- [Work request]: The lines wanted run from the first one below through the one with "A TERADA N0.500". Return them exactly.

Top of Supplied material

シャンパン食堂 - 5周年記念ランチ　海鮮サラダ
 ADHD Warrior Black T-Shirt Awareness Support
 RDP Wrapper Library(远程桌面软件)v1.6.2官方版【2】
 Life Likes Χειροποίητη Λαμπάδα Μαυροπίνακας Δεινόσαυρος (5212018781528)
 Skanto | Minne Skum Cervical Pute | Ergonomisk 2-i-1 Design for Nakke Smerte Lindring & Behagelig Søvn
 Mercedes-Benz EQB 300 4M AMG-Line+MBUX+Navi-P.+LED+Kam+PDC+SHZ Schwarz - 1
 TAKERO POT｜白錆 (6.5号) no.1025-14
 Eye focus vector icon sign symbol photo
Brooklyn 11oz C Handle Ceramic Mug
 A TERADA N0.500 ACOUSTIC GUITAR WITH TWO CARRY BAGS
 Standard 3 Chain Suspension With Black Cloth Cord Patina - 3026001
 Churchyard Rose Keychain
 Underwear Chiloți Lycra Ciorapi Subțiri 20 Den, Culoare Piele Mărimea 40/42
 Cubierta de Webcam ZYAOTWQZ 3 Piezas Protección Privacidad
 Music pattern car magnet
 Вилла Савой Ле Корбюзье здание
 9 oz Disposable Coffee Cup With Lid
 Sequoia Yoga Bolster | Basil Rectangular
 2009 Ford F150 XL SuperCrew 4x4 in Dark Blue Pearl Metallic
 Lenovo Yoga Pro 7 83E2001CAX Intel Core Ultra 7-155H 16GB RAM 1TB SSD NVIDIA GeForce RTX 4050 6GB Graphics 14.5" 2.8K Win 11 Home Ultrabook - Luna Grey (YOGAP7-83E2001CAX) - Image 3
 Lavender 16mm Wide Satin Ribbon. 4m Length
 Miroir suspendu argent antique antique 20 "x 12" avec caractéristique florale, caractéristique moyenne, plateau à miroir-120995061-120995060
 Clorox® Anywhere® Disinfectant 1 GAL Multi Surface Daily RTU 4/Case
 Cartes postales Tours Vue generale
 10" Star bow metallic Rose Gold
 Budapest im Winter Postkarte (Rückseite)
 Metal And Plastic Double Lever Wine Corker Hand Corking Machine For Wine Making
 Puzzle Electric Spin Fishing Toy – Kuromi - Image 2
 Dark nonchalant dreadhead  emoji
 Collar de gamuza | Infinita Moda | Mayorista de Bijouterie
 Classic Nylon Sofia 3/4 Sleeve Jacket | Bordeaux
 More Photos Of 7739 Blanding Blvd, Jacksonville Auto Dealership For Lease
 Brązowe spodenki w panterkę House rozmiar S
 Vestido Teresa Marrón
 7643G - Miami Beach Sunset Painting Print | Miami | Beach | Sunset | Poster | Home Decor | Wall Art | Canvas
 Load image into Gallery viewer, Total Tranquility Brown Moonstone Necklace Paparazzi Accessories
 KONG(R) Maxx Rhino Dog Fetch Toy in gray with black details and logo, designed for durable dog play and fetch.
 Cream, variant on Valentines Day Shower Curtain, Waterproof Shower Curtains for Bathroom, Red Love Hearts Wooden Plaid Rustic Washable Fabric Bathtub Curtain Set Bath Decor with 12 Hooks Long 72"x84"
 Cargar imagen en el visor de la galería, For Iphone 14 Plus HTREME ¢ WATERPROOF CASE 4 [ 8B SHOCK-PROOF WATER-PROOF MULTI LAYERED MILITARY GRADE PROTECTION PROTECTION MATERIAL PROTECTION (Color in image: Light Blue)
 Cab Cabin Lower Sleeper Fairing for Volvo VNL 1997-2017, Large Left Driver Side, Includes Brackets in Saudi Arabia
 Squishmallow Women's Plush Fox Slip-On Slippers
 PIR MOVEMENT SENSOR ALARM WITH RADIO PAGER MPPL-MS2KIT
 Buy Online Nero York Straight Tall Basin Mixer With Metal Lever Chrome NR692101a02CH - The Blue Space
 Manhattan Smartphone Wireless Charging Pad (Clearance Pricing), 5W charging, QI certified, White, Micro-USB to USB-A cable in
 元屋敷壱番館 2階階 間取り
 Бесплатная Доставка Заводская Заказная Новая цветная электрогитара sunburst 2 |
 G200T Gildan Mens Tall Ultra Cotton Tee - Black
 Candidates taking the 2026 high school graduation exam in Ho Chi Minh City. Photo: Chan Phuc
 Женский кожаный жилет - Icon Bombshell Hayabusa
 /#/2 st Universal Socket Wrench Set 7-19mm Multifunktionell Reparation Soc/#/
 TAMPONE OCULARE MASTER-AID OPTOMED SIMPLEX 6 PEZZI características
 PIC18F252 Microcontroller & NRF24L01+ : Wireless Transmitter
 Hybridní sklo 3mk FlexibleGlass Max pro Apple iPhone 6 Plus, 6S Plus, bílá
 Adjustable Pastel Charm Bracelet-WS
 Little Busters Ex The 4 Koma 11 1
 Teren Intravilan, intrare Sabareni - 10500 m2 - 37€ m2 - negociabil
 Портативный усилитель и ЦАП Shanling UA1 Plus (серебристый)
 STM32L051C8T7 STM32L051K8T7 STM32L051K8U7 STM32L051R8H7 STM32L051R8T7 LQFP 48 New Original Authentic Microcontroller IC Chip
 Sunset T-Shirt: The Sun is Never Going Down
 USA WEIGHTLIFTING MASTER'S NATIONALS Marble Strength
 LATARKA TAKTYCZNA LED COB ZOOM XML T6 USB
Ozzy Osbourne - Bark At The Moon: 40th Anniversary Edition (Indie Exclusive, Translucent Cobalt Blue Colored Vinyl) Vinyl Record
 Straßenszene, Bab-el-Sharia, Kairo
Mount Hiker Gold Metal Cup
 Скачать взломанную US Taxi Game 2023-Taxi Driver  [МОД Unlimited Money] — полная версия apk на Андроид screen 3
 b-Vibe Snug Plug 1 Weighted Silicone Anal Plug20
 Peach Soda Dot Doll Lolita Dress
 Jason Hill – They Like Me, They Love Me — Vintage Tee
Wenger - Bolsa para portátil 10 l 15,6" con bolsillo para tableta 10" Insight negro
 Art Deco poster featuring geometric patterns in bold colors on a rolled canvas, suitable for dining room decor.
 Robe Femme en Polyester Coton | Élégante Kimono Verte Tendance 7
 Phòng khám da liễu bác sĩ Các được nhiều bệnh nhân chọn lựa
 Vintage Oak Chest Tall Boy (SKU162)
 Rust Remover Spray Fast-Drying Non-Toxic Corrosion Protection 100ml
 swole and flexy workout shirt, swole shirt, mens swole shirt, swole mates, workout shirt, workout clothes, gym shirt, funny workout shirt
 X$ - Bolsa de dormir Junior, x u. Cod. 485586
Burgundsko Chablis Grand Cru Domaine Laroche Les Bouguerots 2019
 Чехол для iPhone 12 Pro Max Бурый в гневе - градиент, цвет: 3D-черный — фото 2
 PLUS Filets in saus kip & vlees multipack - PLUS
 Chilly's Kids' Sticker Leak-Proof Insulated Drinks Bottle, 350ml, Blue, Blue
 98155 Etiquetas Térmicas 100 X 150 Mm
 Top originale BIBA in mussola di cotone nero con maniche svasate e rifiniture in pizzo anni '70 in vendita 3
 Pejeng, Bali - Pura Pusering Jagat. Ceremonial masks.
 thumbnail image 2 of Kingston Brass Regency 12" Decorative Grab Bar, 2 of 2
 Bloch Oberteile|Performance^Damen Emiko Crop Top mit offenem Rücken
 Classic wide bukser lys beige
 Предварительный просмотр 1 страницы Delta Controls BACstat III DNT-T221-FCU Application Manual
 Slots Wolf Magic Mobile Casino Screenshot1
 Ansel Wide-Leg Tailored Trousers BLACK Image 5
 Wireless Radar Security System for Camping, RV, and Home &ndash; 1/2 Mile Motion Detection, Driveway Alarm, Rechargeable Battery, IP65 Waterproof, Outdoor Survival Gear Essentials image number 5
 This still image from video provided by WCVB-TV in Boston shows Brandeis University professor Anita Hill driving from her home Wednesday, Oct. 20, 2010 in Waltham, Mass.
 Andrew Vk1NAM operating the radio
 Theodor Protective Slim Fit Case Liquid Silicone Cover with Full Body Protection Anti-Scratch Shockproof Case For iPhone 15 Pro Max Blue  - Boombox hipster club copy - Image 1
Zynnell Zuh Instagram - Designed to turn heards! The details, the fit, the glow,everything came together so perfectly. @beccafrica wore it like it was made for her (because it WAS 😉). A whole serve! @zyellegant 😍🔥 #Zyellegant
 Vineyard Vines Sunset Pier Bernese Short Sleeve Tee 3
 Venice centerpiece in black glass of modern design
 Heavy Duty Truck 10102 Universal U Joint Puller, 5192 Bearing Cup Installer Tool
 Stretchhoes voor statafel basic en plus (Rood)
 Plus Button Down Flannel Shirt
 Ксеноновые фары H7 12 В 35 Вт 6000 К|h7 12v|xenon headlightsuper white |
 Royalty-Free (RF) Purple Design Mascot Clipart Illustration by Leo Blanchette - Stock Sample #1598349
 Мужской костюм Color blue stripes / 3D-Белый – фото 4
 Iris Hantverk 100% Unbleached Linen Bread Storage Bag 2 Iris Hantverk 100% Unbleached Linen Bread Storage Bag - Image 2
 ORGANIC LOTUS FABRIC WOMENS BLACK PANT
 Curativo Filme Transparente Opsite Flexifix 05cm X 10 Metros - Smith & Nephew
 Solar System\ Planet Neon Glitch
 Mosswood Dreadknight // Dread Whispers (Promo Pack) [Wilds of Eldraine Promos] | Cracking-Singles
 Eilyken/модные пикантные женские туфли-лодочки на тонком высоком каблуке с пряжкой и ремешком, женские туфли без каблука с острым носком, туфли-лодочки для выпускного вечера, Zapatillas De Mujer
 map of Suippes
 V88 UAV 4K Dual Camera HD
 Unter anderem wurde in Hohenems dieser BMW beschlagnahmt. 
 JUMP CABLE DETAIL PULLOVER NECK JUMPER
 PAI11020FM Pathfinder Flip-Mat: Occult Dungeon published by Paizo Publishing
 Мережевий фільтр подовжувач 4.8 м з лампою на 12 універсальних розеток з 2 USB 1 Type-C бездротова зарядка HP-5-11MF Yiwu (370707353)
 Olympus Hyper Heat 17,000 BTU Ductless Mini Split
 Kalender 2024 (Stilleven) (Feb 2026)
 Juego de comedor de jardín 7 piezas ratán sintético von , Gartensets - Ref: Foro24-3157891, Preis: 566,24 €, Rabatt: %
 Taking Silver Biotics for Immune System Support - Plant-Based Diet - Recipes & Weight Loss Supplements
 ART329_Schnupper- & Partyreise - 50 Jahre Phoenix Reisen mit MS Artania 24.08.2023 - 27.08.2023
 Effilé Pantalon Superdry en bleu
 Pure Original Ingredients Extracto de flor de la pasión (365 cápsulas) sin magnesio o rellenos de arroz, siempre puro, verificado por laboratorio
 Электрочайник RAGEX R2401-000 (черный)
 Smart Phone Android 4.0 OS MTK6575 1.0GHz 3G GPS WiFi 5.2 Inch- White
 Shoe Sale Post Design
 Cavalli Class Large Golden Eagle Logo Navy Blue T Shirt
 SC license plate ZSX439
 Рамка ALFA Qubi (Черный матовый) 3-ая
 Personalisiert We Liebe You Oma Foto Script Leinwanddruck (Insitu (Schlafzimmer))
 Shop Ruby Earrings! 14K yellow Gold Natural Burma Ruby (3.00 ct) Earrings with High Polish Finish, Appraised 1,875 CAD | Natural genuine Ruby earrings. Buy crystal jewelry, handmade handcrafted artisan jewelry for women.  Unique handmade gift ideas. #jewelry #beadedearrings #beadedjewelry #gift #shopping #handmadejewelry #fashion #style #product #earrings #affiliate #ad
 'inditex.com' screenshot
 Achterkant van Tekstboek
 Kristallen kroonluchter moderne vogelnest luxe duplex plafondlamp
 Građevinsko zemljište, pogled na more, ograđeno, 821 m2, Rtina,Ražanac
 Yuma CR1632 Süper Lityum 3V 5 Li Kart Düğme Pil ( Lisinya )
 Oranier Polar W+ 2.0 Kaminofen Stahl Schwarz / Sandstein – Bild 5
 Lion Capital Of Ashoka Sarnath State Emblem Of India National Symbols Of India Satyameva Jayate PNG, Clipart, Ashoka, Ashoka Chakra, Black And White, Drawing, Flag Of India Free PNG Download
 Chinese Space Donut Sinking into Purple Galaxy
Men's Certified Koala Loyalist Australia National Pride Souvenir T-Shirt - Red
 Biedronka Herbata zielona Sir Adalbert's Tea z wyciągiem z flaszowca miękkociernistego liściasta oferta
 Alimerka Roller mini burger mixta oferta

Bottom of Supplied material

- [Task solution]:
シャンパン食堂 - 5周年記念ランチ　海鮮サラダ
 ADHD Warrior Black T-Shirt Awareness Support
 RDP Wrapper Library(远程桌面软件)v1.6.2官方版【2】
 Life Likes Χειροποίητη Λαμπάδα Μαυροπίνακας Δεινόσαυρος (5212018781528)
 Skanto | Minne Skum Cervical Pute | Ergonomisk 2-i-1 Design for Nakke Smerte Lindring & Behagelig Søvn
 Mercedes-Benz EQB 300 4M AMG-Line+MBUX+Navi-P.+LED+Kam+PDC+SHZ Schwarz - 1
 TAKERO POT｜白錆 (6.5号) no.1025-14
 Eye focus vector icon sign symbol photo
Brooklyn 11oz C Handle Ceramic Mug
 A TERADA N0.500 ACOUSTIC GUITAR WITH TWO CARRY BAGS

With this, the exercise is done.